Sadness and anger. Rereading the above, it sounds like you’re just going to have a few bouts of rage or depression. I didn’t really convey the effect this will have on your life. I don’t think I really explained the cost of not being yourself—I didn’t explain how hard this is going to make everything feel. It is going to be hard to get out of bed. It is going to be hard to do your work. It is going to be hard to muster the energy to be around people. At times it is even going to be hard to make yourself do the things you love to do. Part of yourself will be busy applying the breaks, trying to turn yourself around even while you’re trying to drive forward. That conflict is going to darken everything. It is worse sometimes and better sometimes. At its best, you mostly won’t notice it, and you’ll find lots of happiness. At its worst, you’ll want to kill yourself. Fortunately, I don’t think you ever make definite plans to do so. I’m here, so we know you didn’t succeed. However, there will be stretches of time where you think about it a lot—every day, in fact. You’ll wonder how much difference there is between you and the people that do end up killing themselves. What would it take to tip you over edge and get you to actually try to kill yourself? You won’t have any idea what that might be, and it won’t feel like there is much that stands between you and quitting on life. This is especially true when you’re a teenager. In retrospect, I think Hamlet had it right. It was the fear of something that comes after death that puzzled you and had you clinging to the ills you had than to fly to those you knew not of. That thing you feared most, unlike Hamlet, was oblivion. As bad as you felt, you always had the sense that something is out of reach that you desperately want and you still had a chance of obtaining it. You held on, hoping that one day it would be in reach even though you didn’t know what it was or how to get to it. You had hope that you would figure out what it was you needed. You will figure it out. It’ll be a long time, but you’ll figure it out.

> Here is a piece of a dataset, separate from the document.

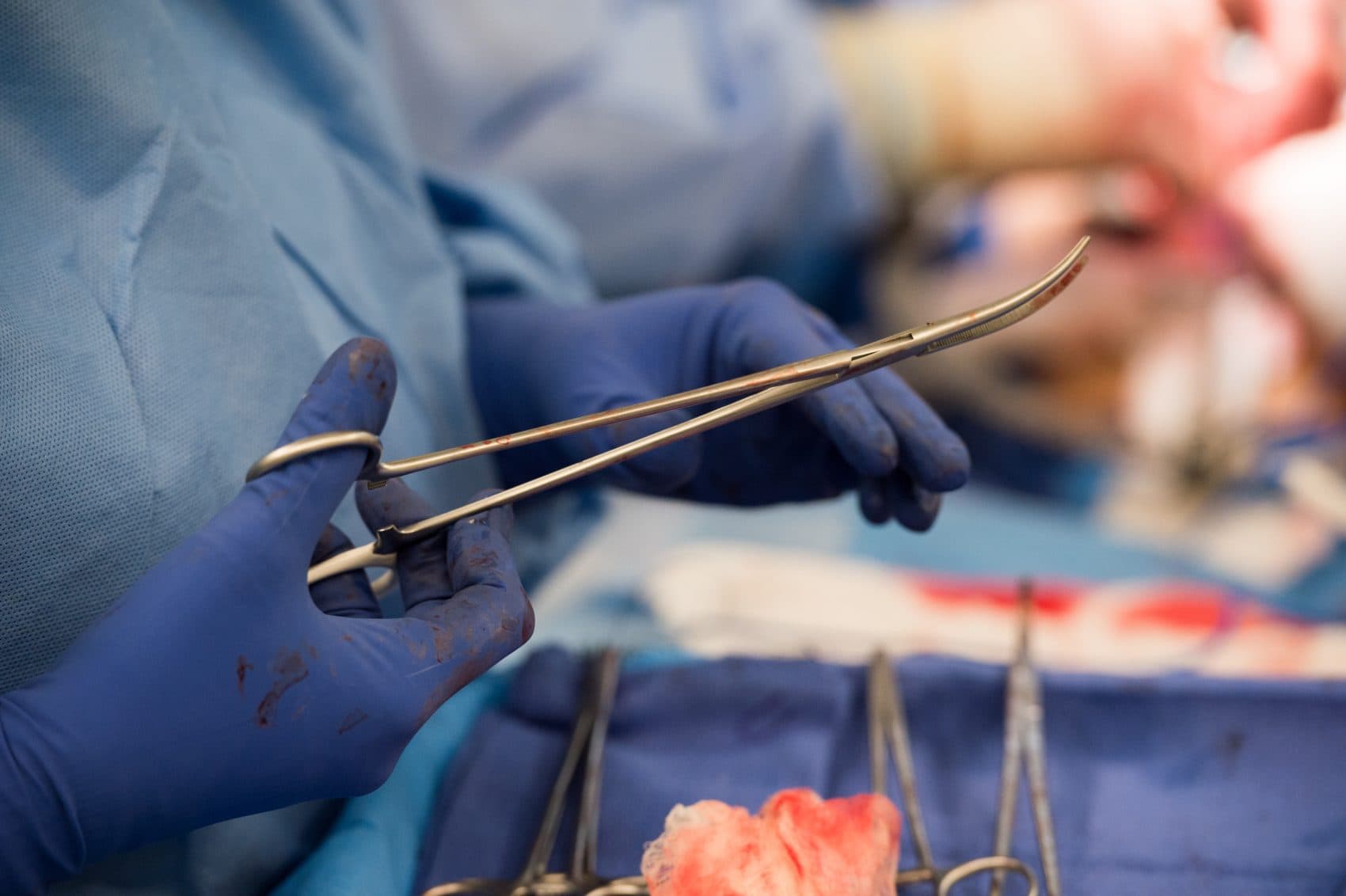 Are There Benefits To Meniscus Surgery? | Here & Now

Being yourself is hard for most people. Being yourself as a young transgender person in a time and place that won’t accept you is even harder. Not being yourself is also very, very hard. But you’ll manage. You are amazing. You manage to get through all of it without turning into an insufferable asshole. You will manage to surround yourself with kind people that love you. You’ll succeed professionally and academically. And eventually you’ll figure out this thing that vexes you for most of your life. Things will get better. And it’s not all bad along the way. There’s plenty of good stuff too. You’ve just got a heavy load and a long way to carry it before you realize you can set it down.

Don’t despair. You can make it. You do make it. You really are amazing.